A TT construction worker, who wished to remain anonymous, lined up on Wednesday to be interviewed by immigration officials, hoping he could get a boarding pass. Based in St Vincent for six months, he said the disruption caused by the volcanic eruption has affected his employment. He was working in the orange zone.
Vincentian Tyrone Jack said he was hoping to get aboard, as his children are in TT. "I have a family there," Jack said. "It's been 20 months I don't see my kids. Normally I work on the cruise ship, so I spend one year on the cruise ship. I did an exemption in January and Sunday, they approved it. That's why they tell me to contact to go down to Trinidad."
Jack said he was delighted to learn a TT ship was coming to the island. "When I see that news on the boat coming down, I said, 'God have to help me get on that ship.' This morning I woke up and saw that e-mail and was happy."

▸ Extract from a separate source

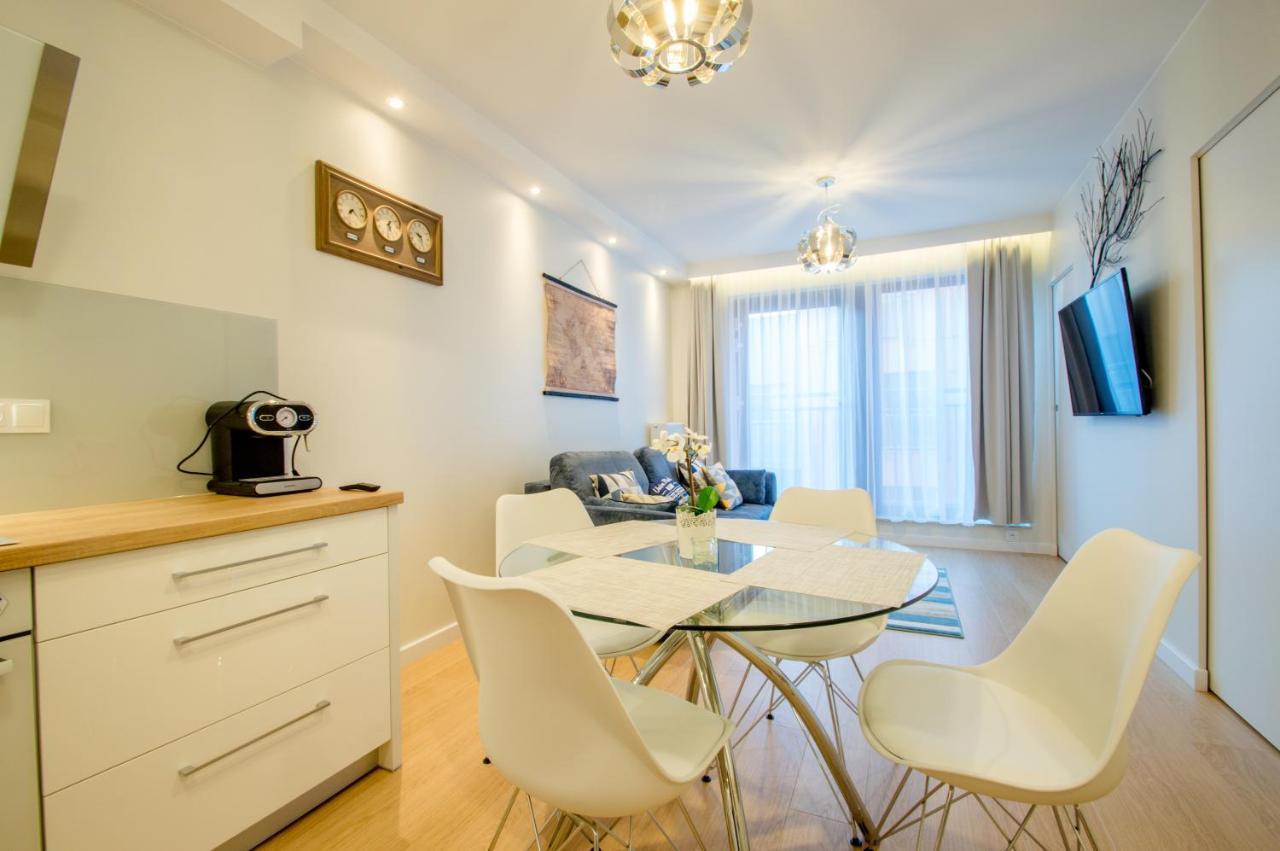 Grand Apartments - Apartments Spa Waterlane Island Gdańsk Extérieur photo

Also trying to get on the boat was a minor who is a TT citizen. Two relatives accompanying him told Newsday the boy's mother is in Trinidad and awaiting his return. However, the boy would be travelling alone.
On Tuesday St Vincent Prime Minister Ralph Gonsalves told media although there were agreements with several regional countries to accept Vincentians who wished to evacuate, most preferred to stay and help rebuild the island.